Exercise details >> Restate all the lines below word for word, but omit the pictures.

Data shown >>
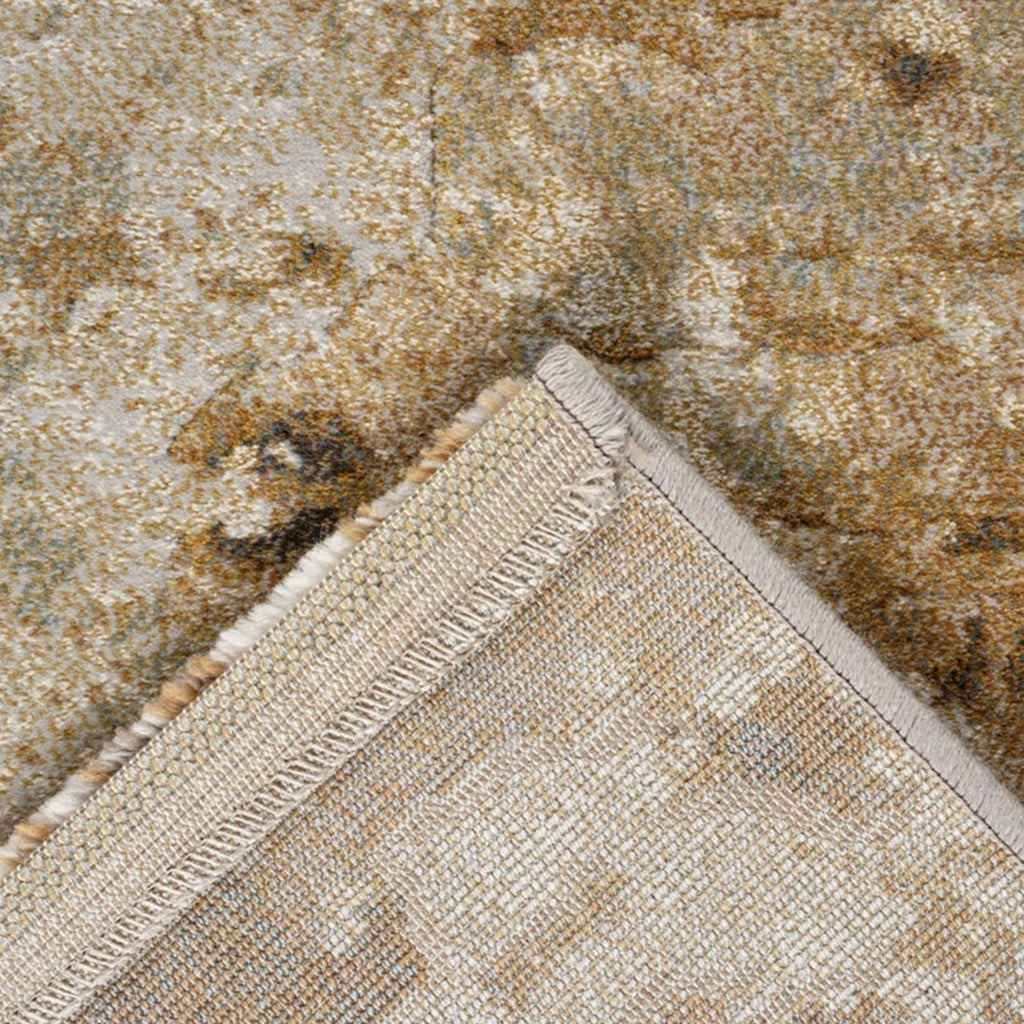 Paradise Living – Tapete Giacomo 63872/7299 detalhe do canto dobrado mostrando frente com padrão orgânico e verso em bege acinzentado
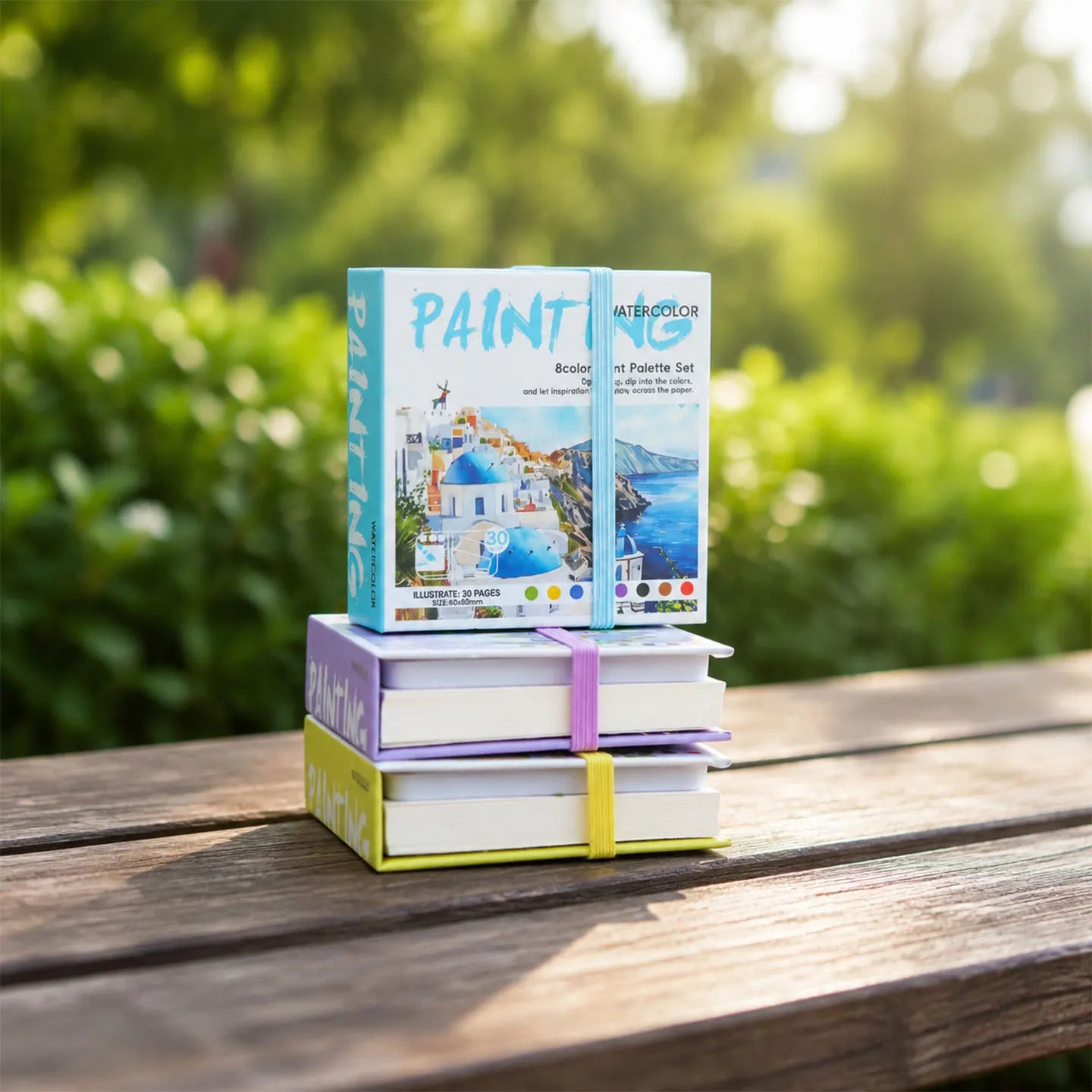 YUELU Travel Portable Mini Watercolor Kit with 8 Built-in Colors and Water Brush Watercolor Paper Sketchbook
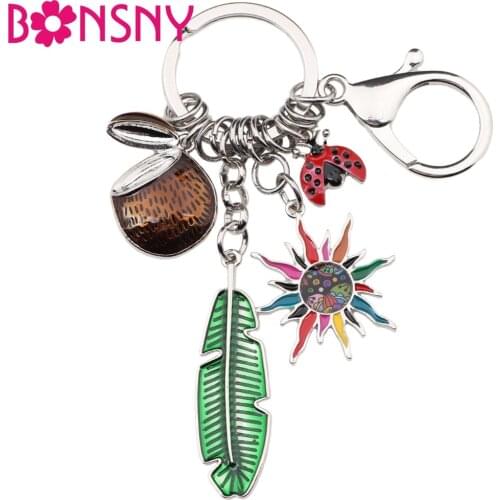Bonsny Tropic Summer Collection Alloy Coconut Leaf Sun Flower Key Chains Keyring Gift For Women Girl Handbag Car Charms Jewelry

Response for this exercise >>
 Paradise Living – Tapete Giacomo 63872/7299 detalhe do canto dobrado mostrando frente com padrão orgânico e verso em bege acinzentado
 YUELU Travel Portable Mini Watercolor Kit with 8 Built-in Colors and Water Brush Watercolor Paper Sketchbook
Bonsny Tropic Summer Collection Alloy Coconut Leaf Sun Flower Key Chains Keyring Gift For Women Girl Handbag Car Charms Jewelry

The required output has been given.